→ **Supplied records**:
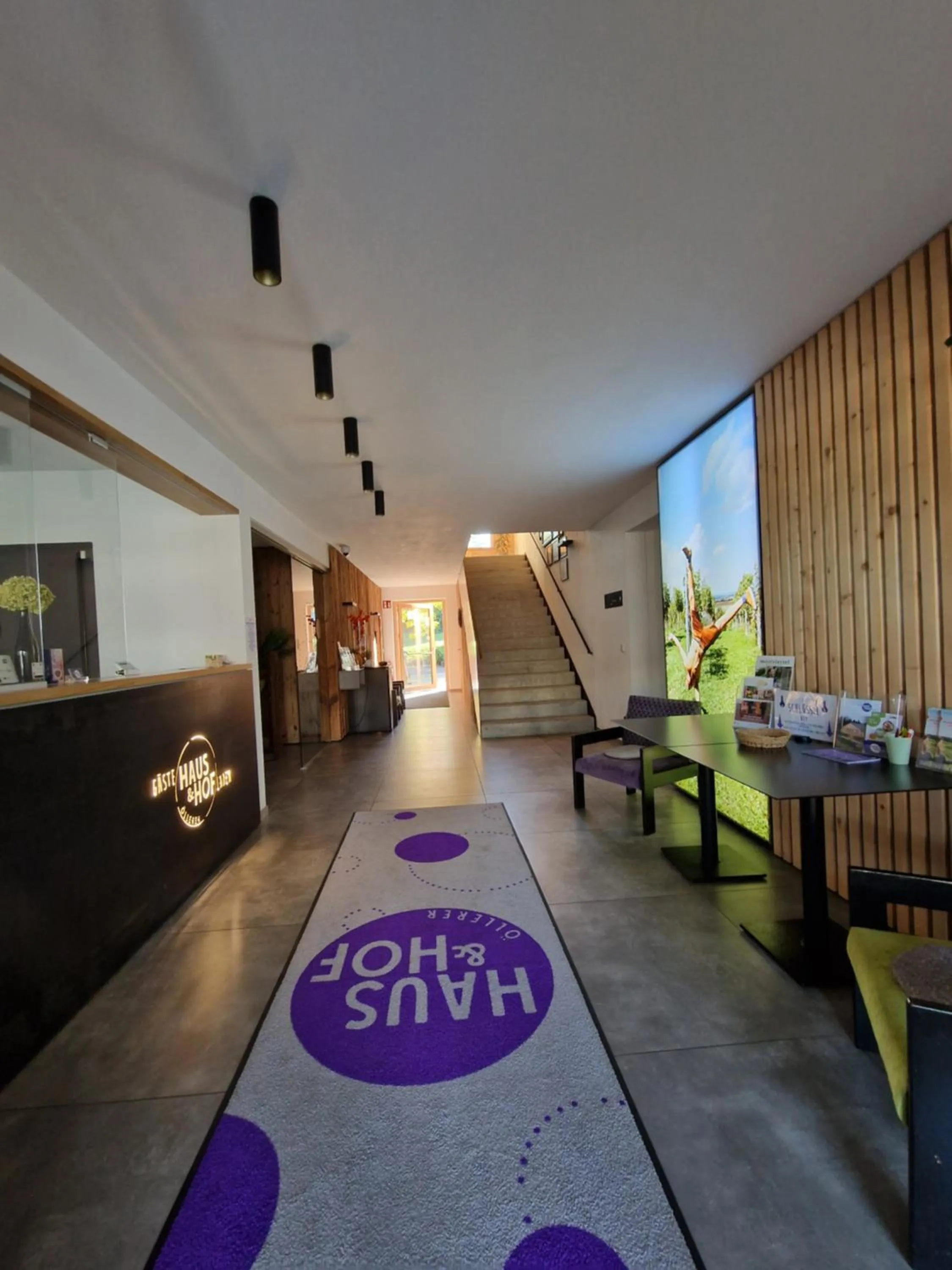 Lobby or reception in GästeHAUS & HOFladen Familie Öllerer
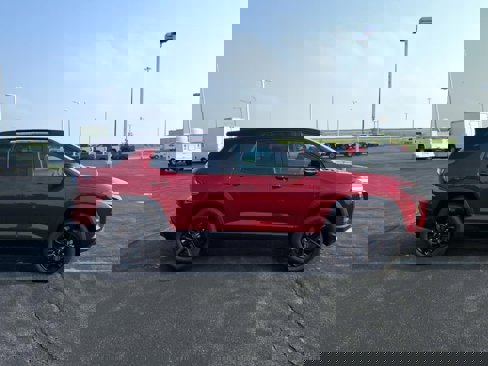 New 2026 Chevrolet Equinox LT w/ Midnight Edition image 2
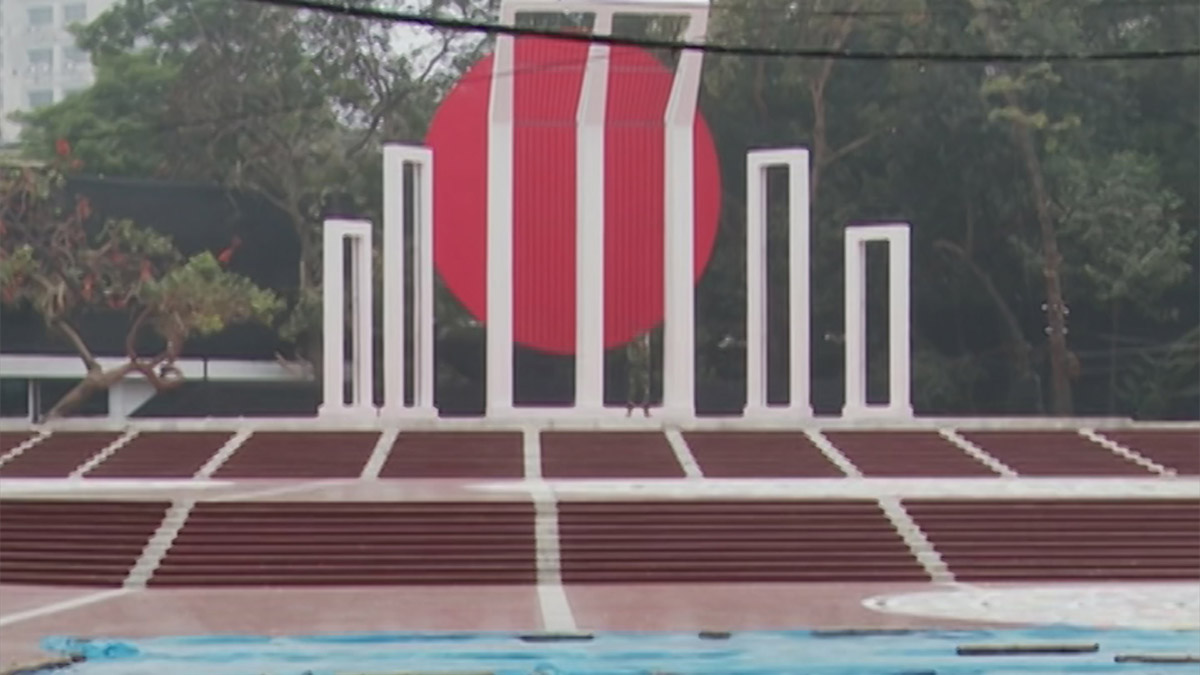 আন্তর্জাতিক মাতৃভাষা দিবস উপলক্ষে কেন্দ্রীয় শহীদ মিনারে চলছে শেষ মুহূর্তের প্রস্তুতি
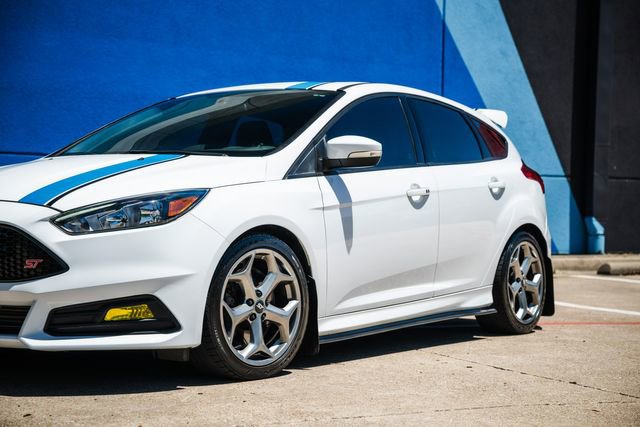 Used 2016 Ford Focus ST image 36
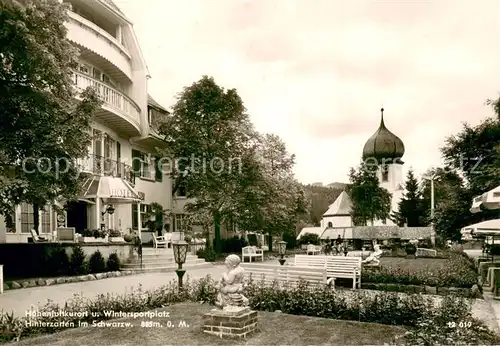 AK / Ansichtskarte Hinterzarten Teilansicht m. Kirche Hinterzarten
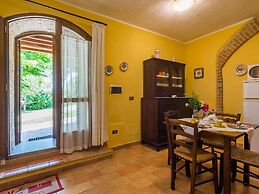 Farmhouse in Hilly Area in Gubbio With Pool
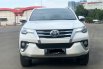 Toyota Fortuner VRZ At Putih 2016 1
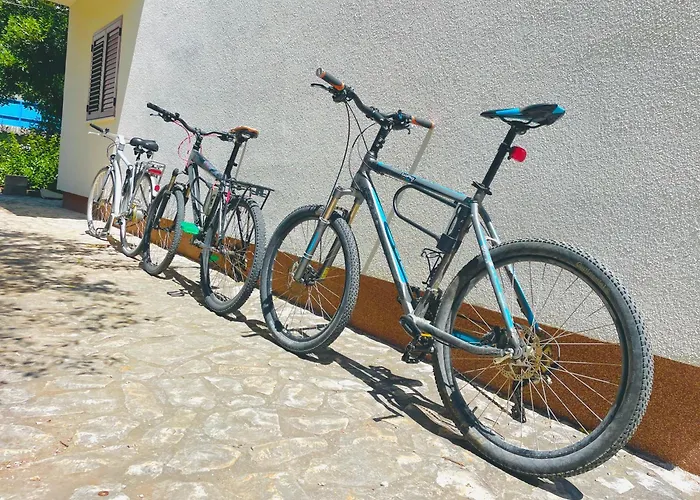 Happy Brodarica (Sibenik-Knin)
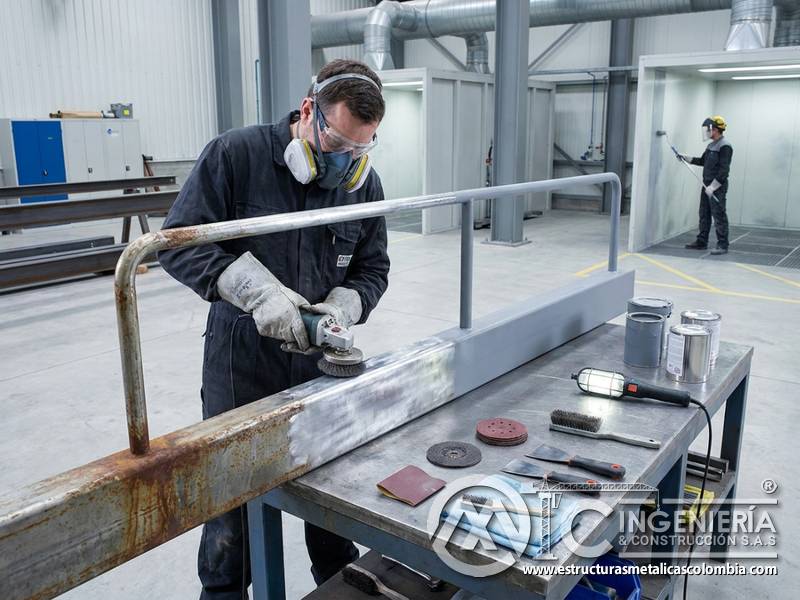 Tratamiento de corrosión antes de repintado industrial en Bogotá, Colombia. Montajes, Ingeniería y Construcción. MIC SAS.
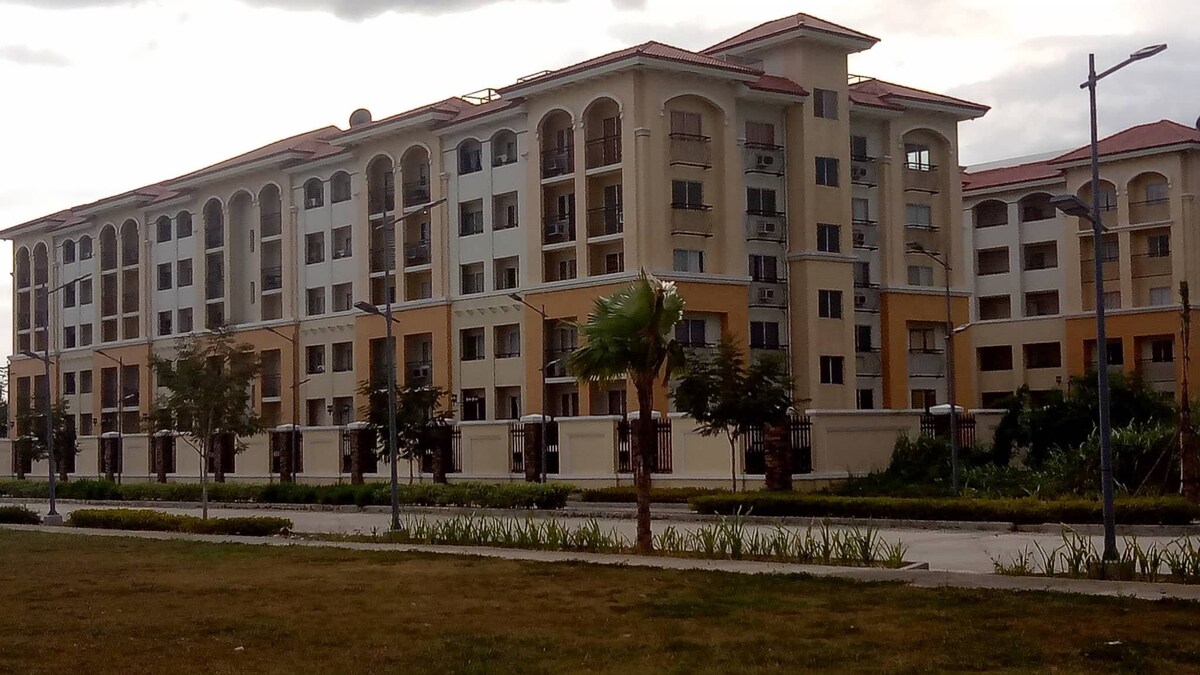 Spacious Condo Unit at San Remo Oasis City, SRP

→ **How to complete this task**: Leave the pictures out and reproduce exactly the lines from the line with "Tratamiento de corrosión" to the end of the material above.

→ **Output for this exercise**:
 Tratamiento de corrosión antes de repintado industrial en Bogotá, Colombia. Montajes, Ingeniería y Construcción. MIC SAS.
 Spacious Condo Unit at San Remo Oasis City, SRP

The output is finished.